McCutchen’s homer not enough for Bucs


Pittsburgh Pirates’ Neil Walker, left, gets his glove kicked out of his hand by Milwaukee Brewers’ Aramis Ramirez as he steals second base during the sixth inning of a game Sunday in Milwaukee.
Associated Press
MILWAUKEE
Neil Walker wanted the Pittsburgh Pirates to get off to a better start after the All-Star break.
A.J. Burnett held off the Brewers for five innings before giving up four runs in the sixth and Milwaukee beat the Pirates 4-1 on Sunday.
Walker didn’t fault Burnett, but rather poor defense.
“The way I see it, we gave them two games to be honest with you,” Walker said. “We didn’t play good defense today. We didn’t execute on Friday.”
The Brewers opened the three-game series against the Pirates with a 10-7 win on Friday night.
“You have to tip your cap to how they pitched, especially today,” Walker said. “This is a tough place for us to play regardless, tough place for anybody to play.”
Yovani Gallardo (8-6) struck out a career-high 14 in seven innings.
Burnett (10-3) had his career-high nine-game winning streak ended.
“Things happen. It’s baseball,” he said. “It’s not from a lack of effort. These guys try as hard as they can out there. It just didn’t go our way.”
It did go the Pirates’ way early as Burnett stranded seven runners in scoring position through five innings, but then Milwaukee pushed across four runs on four hits and one error in the sixth.
Nyjer Morgan singled. Ryan Braun singled to right fielder Garrett Jones, whose throw sailed passed the cutoff man and allowed Morgan to score. Braun went to third on the play and scored on Aramis Ramirez’s RBI single.
Ramirez stole second as Corey Hart struck out. Ramirez scored on Rickie Weeks’ double, who then scored on Maldonado’s third hit of the game.
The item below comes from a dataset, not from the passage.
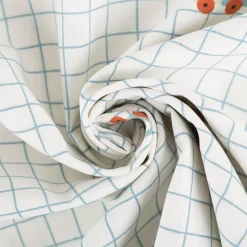 Baumwollstoff Popeline Stoff Lkw Karo wollweiß blau 1,45m Breite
“We didn’t defend very well behind him [Burnett] which complicated it,” Pirates manager Clint Hurdle said. “The throw and the play at third, those are plays we got to make. We didn’t handle the inning very well. A.J. pitched a very, very good ball game today.”
Burnett allowed four runs and nine hits and struck out seven in seven innings.
The one bright spot continued to be Andrew McCutchen, who homered off Gallardo in the fourth.
McCutchen, who had three of the Pirates’ five hits, hit his 21st homer and fifth in the past four games. He also had two singles. He is batting .560 (28 for 50) with seven homers, 19 runs scored and 16 RBIs in his past 12 games and leads the majors with a .371 average.
“He is as good a player as there is in the league,” Hurdle said. “He is playing at an elite level, all across the board. He has earned his name being in those [MVP] conversations at this point. But it is still early. We’ve all got work to do.”
McCutchen made an impression on Gallardo, too.
“He’s on fire,” Gallardo said. “He’s swinging the bat very well. That home run was a pretty good pitch. It was on the outside part of the plate.”